Moonlight é uma história contada em círculo. No começo do filme, vemos o carro de Juan e o homem que nele se senta - o dealer de drogas que se aproxima do rapazinho introvertido que procura ajudar. Chiron, sensível, bondoso e solitário, resiste ao mundo de violência que o rodeia, em parte com a ajuda de Juan e de Teresa. Mas esse mundo corrompe-o eventualmente; no ponto de viragem do acto segundo para o terceiro, Chiron - que sofre de bullying com o passar dos anos - revolta-se por fim. Espancado pelo melhor amigo, aquele por quem se apaixona, por força do bullying, Chiron exerce a sua vingança no perpetrador do mal. Aí começa o corrompimento do jovem que, no primeiro acto, Juan segura pela cabeça sobre as águas do oceano Altântico - "o centro do mundo" - enquanto o ensina a nadar, um gesto apenas reminiscente de um baptismo; como se renascesse pelas suas mãos. No terceiro acto, Chiron, já adulto, senta-se num carro que é em tudo a réplica do carro de Juan - até ao detalhe da pequena coroa no tablier. Chiron tomou o lugar de Juan - é agora também ele dealer, também ele comete alguns actos de bullying. Mas não são mais do que actos de sobrevivência. Chiron permanece, apesar de tudo, um jovem bondoso e sensível, e o filme não evita mencioná-lo, e deixa-o claro aos nossos olhos. Não só a representação impressionante dos três actores - que não se conheceram até depois das gravações, para que cada um pudesse contribuir com a sua própria interpretação da personagem - como nas próprias cenas. Se no final do primeiro acto vimos a mãe de Chiron gritar algo imperceptível e esconder-se na enorme luz vermelha do seu quarto, no segundo, vemo-la em inverso, saindo dessa luz vermelha, e ouvimos o que grita - "está calado". E por fim, no terceiro acto, assistimos à sua redenção. Se Chiron observa o oceano atlântico debaixo da luz do luar que torna "todos os rapazes negros azuis" - quando entra em casa de Kevin, depois do reencontro, é uma t-shirt azul que o amigo veste.

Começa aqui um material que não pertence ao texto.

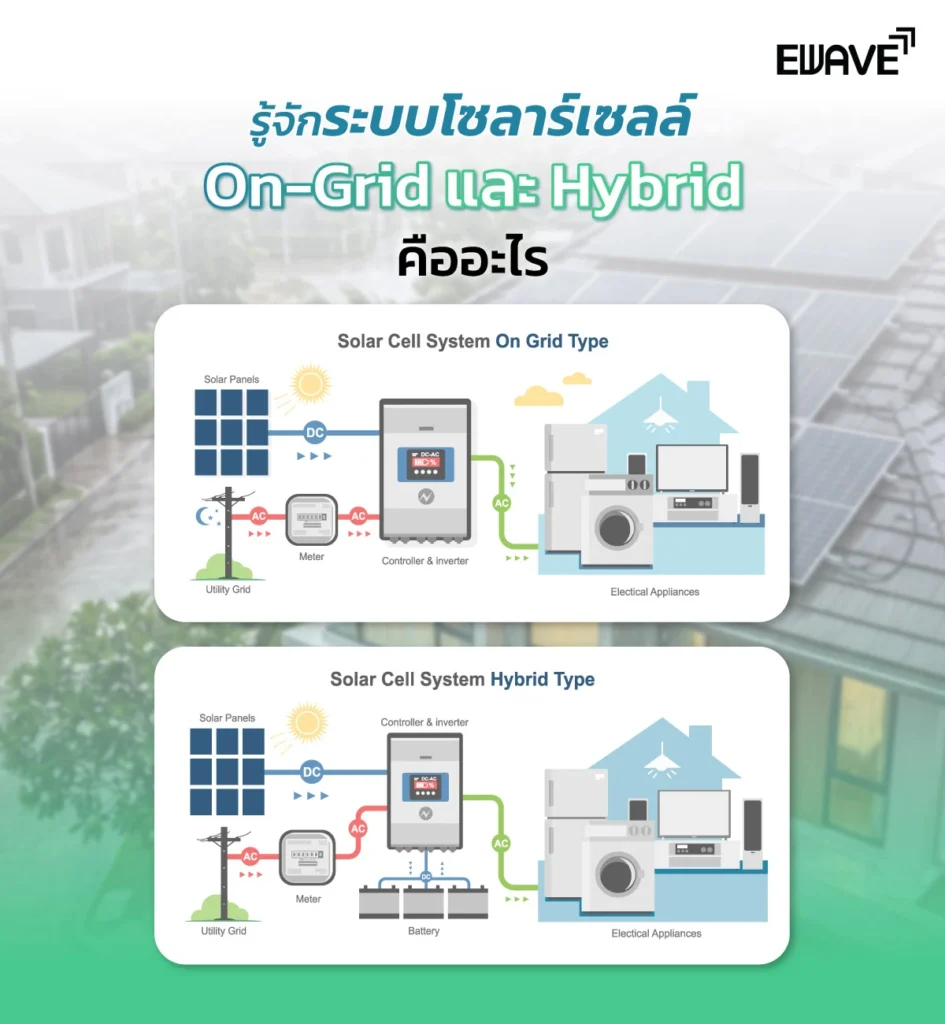 รู้จักระบบโซลาร์เซลล์ On-Grid และ Hybrid คืออะไร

Porque todos os rapazinhos negros são azuis debaixo da luz do luar, e o azul, neste filme, pinta cada cena com a sensibilidade que os actores mostram na representação de Chiron. 

Se, no final do filme, Chiron se tornou na pessoa que sempre se esforçou por evitar - e não se não por circunstâncias que o rodeiam, por esse mundo que acabou por pesar sobre si - ele deixa ainda espaço para quem verdadeiramente é - aquele rapazinho da última cena do filme que, debaixo da luz do luar, observa o oceano atlântico, essa massa de água que é o centro do mundo. Ao contrário, Kevin permanece o mesmo, um antagonista àquele que é o personagem principal. E tal como no final do segundo acto Chiron perdeu as estribeira e deixou a raiva tomar conta de si, agora, é o sentimento de um amor que nutre com o passar dos anos que deixa discorrer sobre o amigo: "És o único homem que me tocou. Nunca mais fui tocado desde então". É uma tragédia que termina com uma espécie de redenção, e que talvez nos dite a esperança de esse rapazinho que é azul debaixo do luar, e a sua inocência e bondade, retornem por fim e dêem lugar ao homem que adoptou a pele de um outro homem.

Moonlight tem uma sensibilidade que se transmite numa cinematografia onde as cores contam as histórias de todos os rapazinhos negros que são azuis debaixo do luar. É um filme que conta uma história universal através de uma outra história que já só diz respeito a uma só comunidade. É uma história de crescimento e descoberta face às limitações do mundo corrompido que impõe uma masculinidade agressiva e violenta sobre um rapaz ternurento, que corrompe esse azul do luar com o ciclo vicioso que o cerca. Mas é uma história que, embora com violência, é ternurenta e delicada.